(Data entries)
Content starts
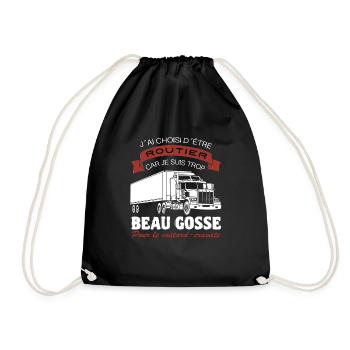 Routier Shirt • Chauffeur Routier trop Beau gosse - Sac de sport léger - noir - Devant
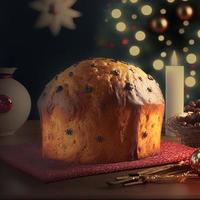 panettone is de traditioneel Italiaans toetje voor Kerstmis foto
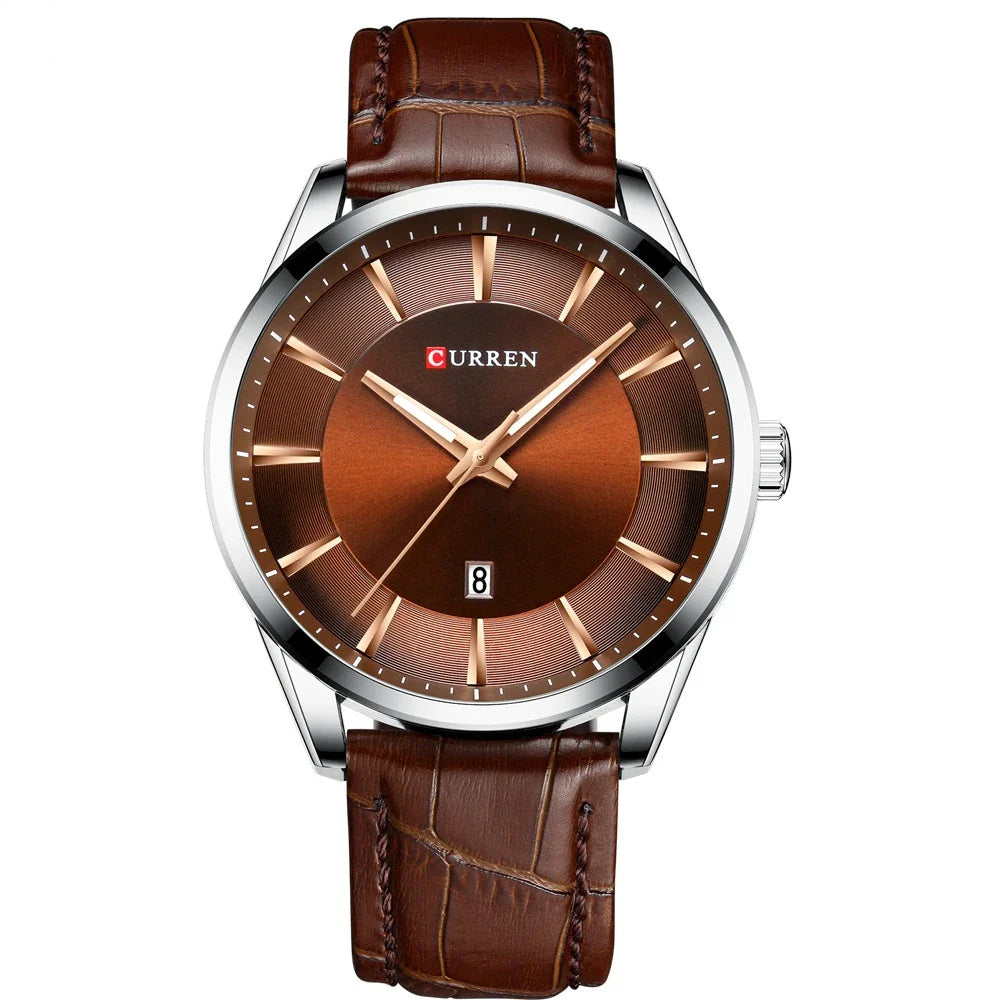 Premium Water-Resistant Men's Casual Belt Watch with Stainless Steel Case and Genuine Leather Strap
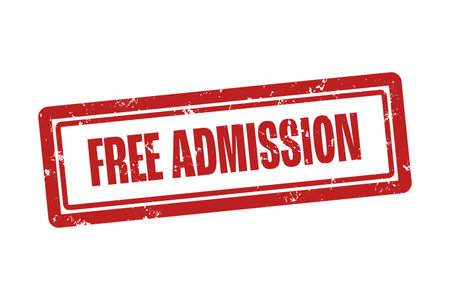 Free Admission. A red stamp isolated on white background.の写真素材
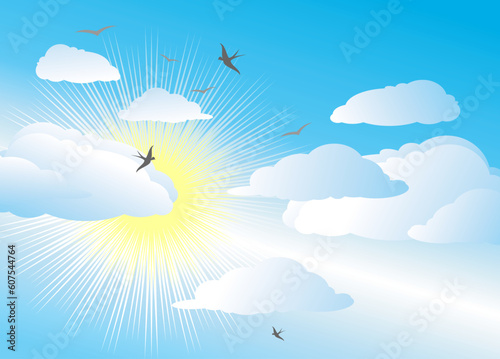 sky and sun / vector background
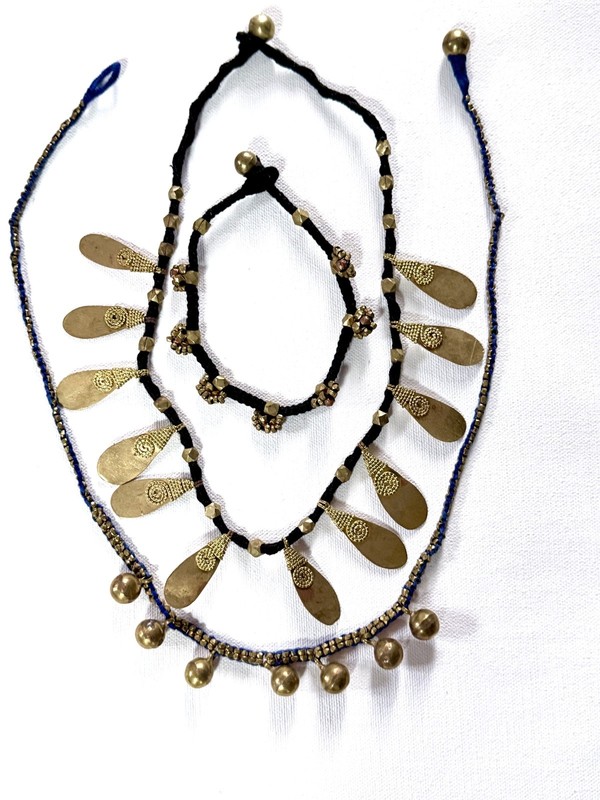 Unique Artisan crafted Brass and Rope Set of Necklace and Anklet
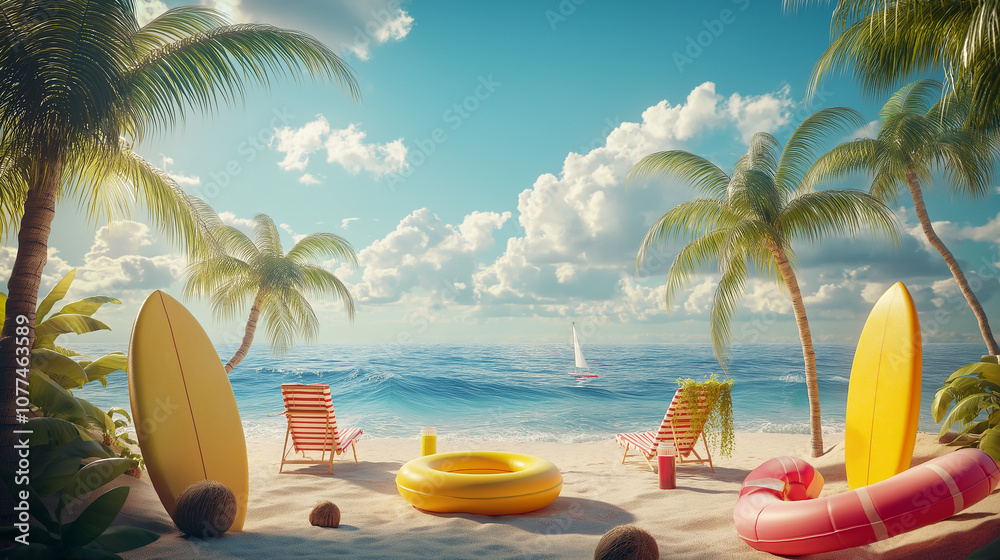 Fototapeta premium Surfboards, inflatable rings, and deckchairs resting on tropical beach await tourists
Content ends
• Activity:
Your answer must be the records above, word for word, with every picture left out.

• Solution for this exercise:
 Routier Shirt • Chauffeur Routier trop Beau gosse - Sac de sport léger - noir - Devant
 panettone is de traditioneel Italiaans toetje voor Kerstmis foto
 Premium Water-Resistant Men's Casual Belt Watch with Stainless Steel Case and Genuine Leather Strap
 Free Admission. A red stamp isolated on white background.の写真素材
 sky and sun / vector background
 Unique Artisan crafted Brass and Rope Set of Necklace and Anklet
 Fototapeta premium Surfboards, inflatable rings, and deckchairs resting on tropical beach await tourists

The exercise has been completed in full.